Every line below from the one containing "Illusztráció / Fotó: Shutterstock" through the one containing "不妊原因と検査.jpg" is to be printed exactly, with the pictures omitted.

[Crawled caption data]
------------------------------------------------------------------------
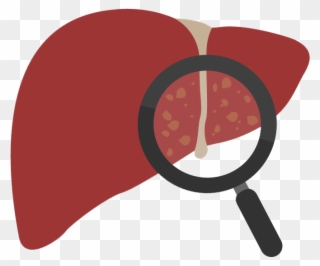 Gallstones In The Liver Clipart
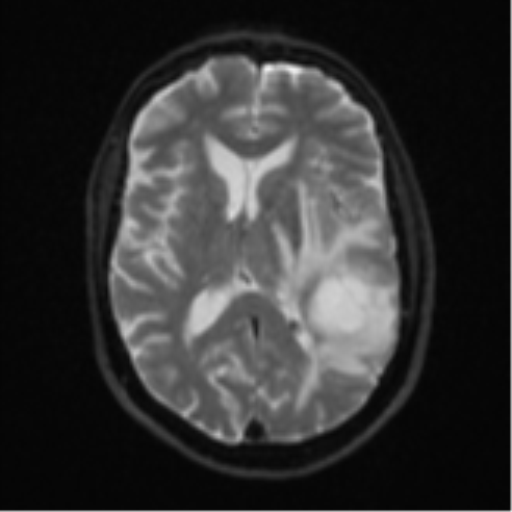 File:Brain metastasis (large cystic mass) (Radiopaedia 47497-52107 Axial DWI 15).png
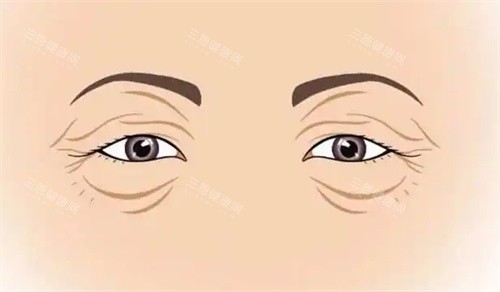衰老的双眼皮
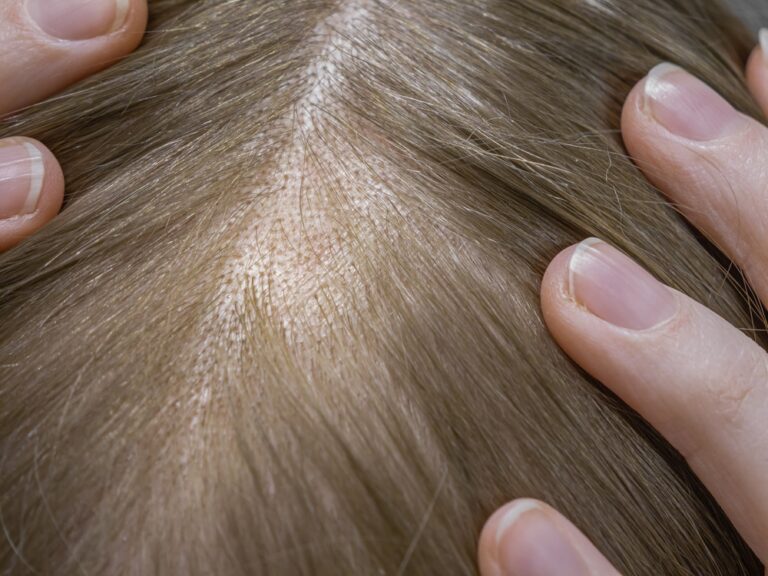 Illusztráció / Fotó: Shutterstock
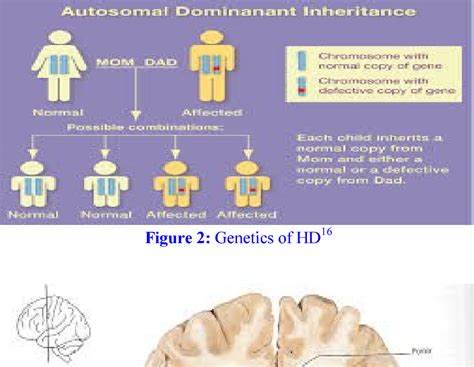 Pdf Huntingtons Disease From Molecular Pathogenesis To Clinical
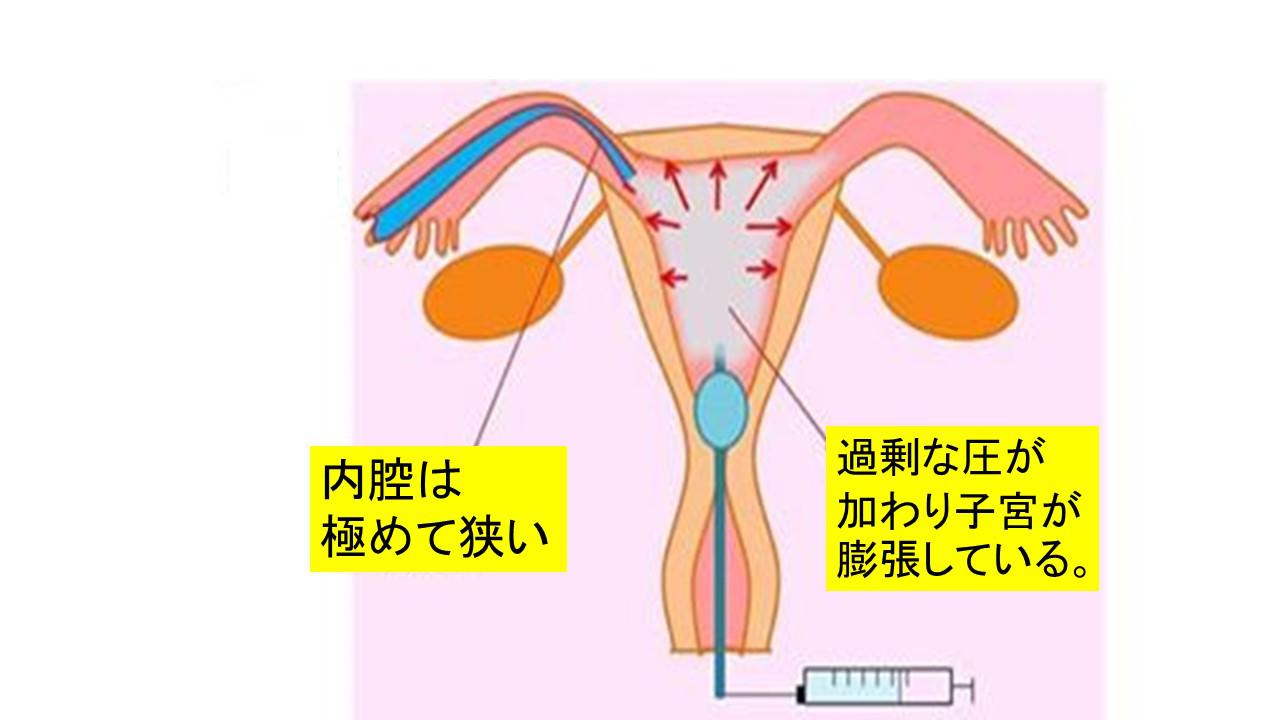 不妊原因と検査.jpg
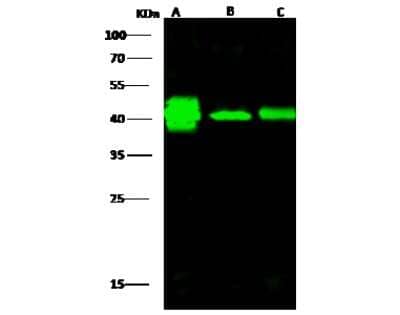 Western Blot: Creatine Kinase BB Antibody [NBP3-00288] - Anti-Creatine Kinase BB rabbit polyclonal antibody at 1:500 dilution. Lane A: Jurkat Whole Cell Lysate. Lane B: Hela Whole Cell Lysate. Lane C: A431 Whole Cell Lysate. Lysates/proteins at 30 ug per lane. Secondary Goat Anti-Rabbit IgG H&L (Dylight 800) at 1/10000 dilution. Developed using the Odyssey technique. Performed under reducing conditions. Predicted band size: 43 kDa. Observed band size: 43 kDa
------------------------------------------------------------------------
**Task response**.
 Illusztráció / Fotó: Shutterstock
 Pdf Huntingtons Disease From Molecular Pathogenesis To Clinical
 不妊原因と検査.jpg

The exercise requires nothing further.